Heartworm is a parasitic worm called Dirofilaria Immitis that lives in the arteries within the lung and in the right side of the heart. The adult worms can grow quite large and can interfere with blood flow, eventually causing heart failure. Dogs become infected via a mosquito bite (so do not even need to leave the house to become infected!) – once infected, the baby heartworm (microfilariae) mature into full adult worms, before becoming ready to infect the next animal the mosquito bites.

The dog is the most common host for this parasite but other animals can more rarely be affected, e.g. cat, fox, ferret.

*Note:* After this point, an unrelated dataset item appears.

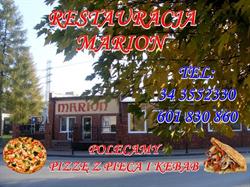 Marion. Restauracja, Koniecpol godziny otwarcia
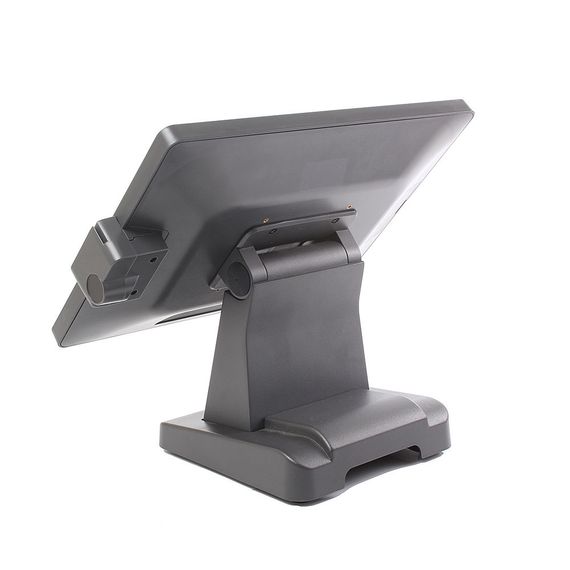 Сенсорный монитор POScenter EVA-156 (15,6&quot;, 16:9, 1920х1080, VGA, P-CAP touch - USB, MSR) черный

In the early stages of infection there may be no symptoms, but as time progresses and with heavy worm burdens, the pet may show coughing, and reduced capacity to exercise and eventually can be fatal. Diagnosis of heartworm infection is usually based on a blood test.

Testing a pet may be necessary if they are showing symptoms, or more often if they have missed one or more doses of their preventative medication

Treating cases of heartworm is expensive and risky to the pet and involves some very strong medication and sometimes even surgery. Certainly prevention is much better than treatment. Medications that can be used include:

Monthly tablets (note: not all “all-wormers” actually prevent heartworm)

Certain monthly “spot-on” treatments

Annual heartworm injection given by your vet (may be better for those pets whose owners sometimes forget the monthly dose).

If you think you may have missed or been late with a heartworm preventative, please contact your vet who will decide if your pet needs to get a blood test prior to restarting treatment.